Wednesday, June 10, 2009

Today:


Meeting with Beth:

This morning I talked with Beth about the CMD issue for a while. She found something wrong with my code (I knew it had to be something!) that was throwing off all the CMDs. So we fixed that and now the python matching code agrees with the idl matching code which is comforting. All in all, the two matched 19850 stars. There were still a few features on the CMD that looked fishy, but it looked much more like a CMD--including the thin disk and what could be a turn off. But it's still not as deep as we expected. In order to really test this, though, the magnitudes have to be calibrated so we know exactly how deep the CMD actually is.


Sharp and Round cuts in DAOphot

Before doing the calibrating stuff I spent some time fiddling with the DAOphot parameters. I took a look at the objects in the previous allstar files to see if I could improve upon the sharp and round limits that I applied in DAOphot. I plotted flux vs. round and sharp to narrow the limits and changed the daophot.opt files for each of the g and r bands. I ended up doing two cuts--one stricter than the other.

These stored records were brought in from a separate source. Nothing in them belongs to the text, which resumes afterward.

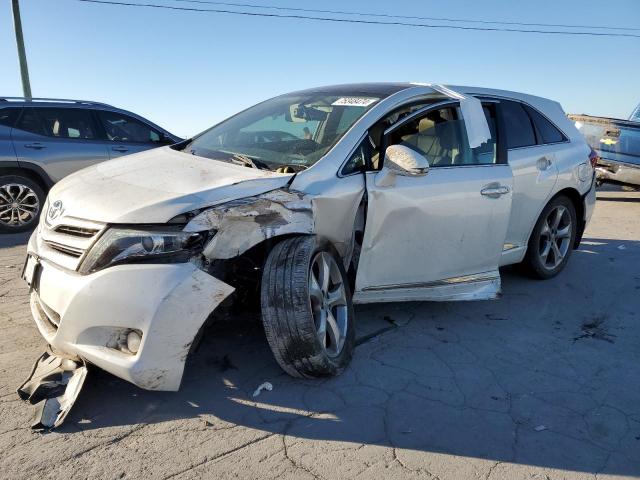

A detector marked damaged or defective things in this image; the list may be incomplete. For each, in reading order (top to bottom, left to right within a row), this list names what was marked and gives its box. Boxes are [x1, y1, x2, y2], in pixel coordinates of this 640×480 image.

bent hood [48, 146, 296, 223]
shattered headlight [77, 228, 208, 274]
damaged white toyota venza [21, 83, 600, 428]
cracked bumper [26, 231, 235, 392]
broken plastic debris [17, 348, 87, 432]
broken plastic debris [252, 382, 272, 398]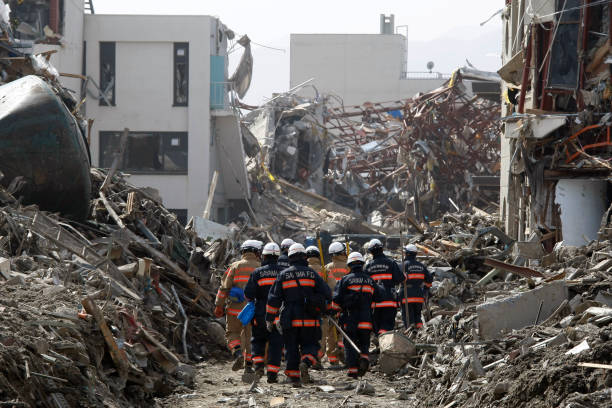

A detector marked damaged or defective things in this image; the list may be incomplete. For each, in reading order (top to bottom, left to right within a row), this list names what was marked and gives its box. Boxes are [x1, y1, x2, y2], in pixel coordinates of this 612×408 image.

broken window [8, 0, 62, 43]
broken window [99, 42, 116, 106]
damaged building facade [2, 0, 251, 223]
broken window [98, 131, 186, 173]
damaged building facade [500, 0, 612, 245]
broken window [548, 0, 580, 89]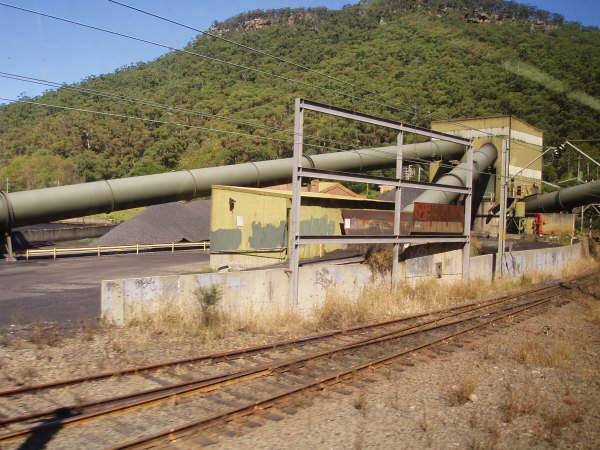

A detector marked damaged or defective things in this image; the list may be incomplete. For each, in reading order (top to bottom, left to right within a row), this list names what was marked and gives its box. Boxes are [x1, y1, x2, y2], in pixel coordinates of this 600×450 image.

rusty metal panel [342, 208, 412, 234]
rusty metal panel [412, 202, 464, 234]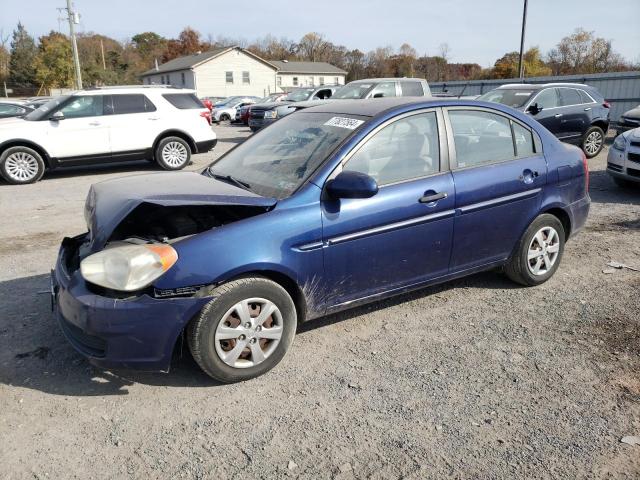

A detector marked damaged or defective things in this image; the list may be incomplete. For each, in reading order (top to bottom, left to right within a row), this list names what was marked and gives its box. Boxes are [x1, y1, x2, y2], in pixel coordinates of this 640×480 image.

cracked headlight [82, 242, 180, 290]
hood damage [84, 171, 276, 253]
damaged blue sedan [52, 97, 592, 382]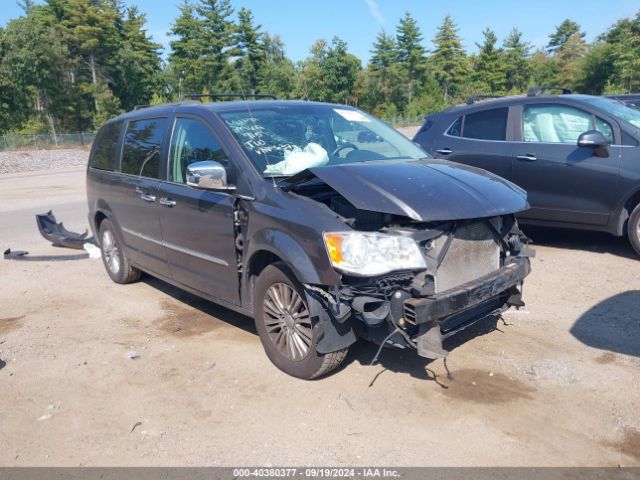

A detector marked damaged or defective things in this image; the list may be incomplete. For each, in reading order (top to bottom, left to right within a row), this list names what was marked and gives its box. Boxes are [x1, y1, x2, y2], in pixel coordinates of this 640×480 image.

detached bumper piece [36, 210, 93, 249]
damaged black minivan [86, 98, 536, 378]
broken headlight [322, 232, 428, 276]
detached bumper piece [404, 256, 528, 358]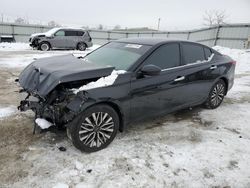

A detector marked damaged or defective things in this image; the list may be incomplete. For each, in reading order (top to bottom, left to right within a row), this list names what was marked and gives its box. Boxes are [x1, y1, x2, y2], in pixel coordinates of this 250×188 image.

damaged front end [17, 54, 114, 129]
crumpled hood [18, 54, 114, 97]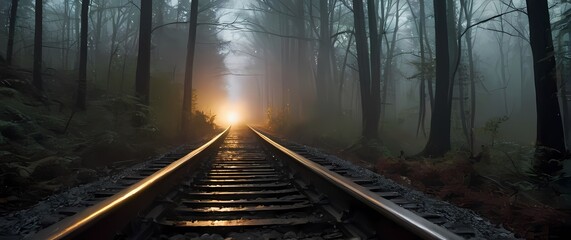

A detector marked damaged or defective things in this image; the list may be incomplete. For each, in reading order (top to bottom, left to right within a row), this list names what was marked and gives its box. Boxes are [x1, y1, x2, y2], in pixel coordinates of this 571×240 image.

rusty railroad track [30, 126, 464, 239]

Boo on not being able to insert a table. But anyway, the more lenient one was:
...............g10 ....................r7
sharp..... 0.35 to 1. ..........0.3 to 1.
round..... -1 to 0.25........... -1 to 0.2

I tried to lower the upper limit on sharp but DAOphot wouldn't let me for some reason...

Originally, there were 33679 stars in the r band catalog and 27334 in the g band catalog. This first cut lowered the number in each catalog to 17335 and 17583, respectively. It then found 9299 matched stars.

The second, more strict cut used:

......................g10................ r7
sharp .......0.35 to 1. ...........0.3 to 1.
round ........0. to 0.25 .........0. to 0.2

so it just cut off the bottom end of the round measurements. This cut reduced the catalogs to 3138 and 2645 in the r and g bands, respectively. 540 stars were matched and put in the CMD.

The weird features--like the third, reddest peak--remain in both. But the stricter cut makes the CMD shallower so it might be best to use the first, more lenient cut.


Calibration and zero-point offset plot

I matched the CMD stars (from the first sharp/round cut) to SDSS stars and plotted gtrue-ginst vs. ginst (where gtrue is SDSS and ginst is KPNO) to get a sense of what the zero-point offset is. The offset doesn't seem to be dependent on instrumental magnitude (this is good), but it's not zeroed (this is also good!). In fact it's centered around a gtrue-ginst of 7. To get a more quantitative idea of where we are I ignored SDSS stars fainter than 22 and took the median of the offset (gtrue-ginst). Offsets for the g and r bands are 6.7059405 and 7.2057229, respectively. I added these offsets to the instrumental magnitudes and made a new CMD. I'm still concerned because it only goes to about 23rd magnitude. But it looks much cleaner and more CMD-like. (CMDcalibration.ps)



Tomorrow:
I'm concerned with the fact that only 1300 or so stars are getting matched between SDSS's 25,000 stars and the 9,300 which made the sharp and round cuts on my data. To double check this I'm going to try matching before doing the sharp and round cuts to see if the number of stars that match SDSS changes. If it does, I'll investigate this further. I expected more to match.

I'm meeting with Suzanne and co. in the morning for a quick IDL intro. Then it's back to the drawing board on how to get this CMD deeper.

1 comment:

  1. Once you select the chi and sharp cuts that you want to implement - you don't need to go back and rerun DAOphot. You just implement those cuts on the catalog that you have in hand.